Tuesday, January 1, 2013

What Kind of Intelligence Is A Lethal Mutation?

Lethal Mutation?
Regular readers know that several recent series on Ecocosmology Blog have dealt with various concepts of intelligence as well as variations within several "types of intelligence."

For example, in What Kind of Intelligence Is Prescience? and What Kind of Intelligence Is Prescience? - 2 we looked at ancient writings of two well known religions to contemplate intelligent ancient views of environmentalism which seem to be prescient.

In Did Abiotic Intelligence Precede Biotic Intelligence? we contemplated whether or not there are two types of intelligence as well as which type came first.

In the series Putting A Face On Machine Mutation we lament the dearth of peer reviewed papers (compared with those on biological evolution) concerning molecular-machine evolution in the context of the evolution of intelligence.

Today, we are going to indulge the notion of noted American biologist Ernst Mayr, who unabashedly hypothesized that human intelligence is a lethal mutation which is likely to lead to the extinction of the human species, as well as most other species on the planet Earth.
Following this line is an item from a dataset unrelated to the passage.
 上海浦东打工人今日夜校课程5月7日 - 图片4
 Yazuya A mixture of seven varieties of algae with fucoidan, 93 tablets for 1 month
Let's begin with a debate between astrophysicist Carl Sagan and the American biologist Ernst Mayr; two scientists who saw human intelligence in a different light:
I'LL BEGIN with an interesting debate that took place some years ago between Carl Sagan, the well-known astrophysicist, and Ernst Mayr, the grand old man of American biology. They were debating the possibility of finding intelligent life elsewhere in the universe. And Sagan, speaking from the point of view of an astrophysicist, pointed out that there are innumerable planets just like ours. There is no reason they shouldn't have developed intelligent life. Mayr, from the point of view of a biologist, argued that it's very unlikely that we'll find any. And his reason was, he said, we have exactly one example: Earth. So let's take a look at Earth. And what he basically argued is that intelligence is a kind of lethal mutation ... you're just not going to find intelligent life elsewhere, and you probably won't find it here for very long either because it's just a lethal mutation ... With the environmental crisis, we're now in a situation where we can decide whether Mayr was right or not. If nothing significant is done about it, and pretty quickly, then he will have been correct: human intelligence is indeed a lethal mutation. Maybe some humans will survive, but it will be scattered and nothing like a decent existence, and we'll take a lot of the rest of the living world along with us.
(Human Intelligence and The Environment, Dr. Noam Chomsky, 9/30/10). Dr. Chomsky argues that Dr. Mayr had a good point if we take into consideration our "intelligent" use of the Earth's resources, including producing weapons of mass destruction, like hydrogen bombs and other nuclear weapons that threaten the existence of life on Earth.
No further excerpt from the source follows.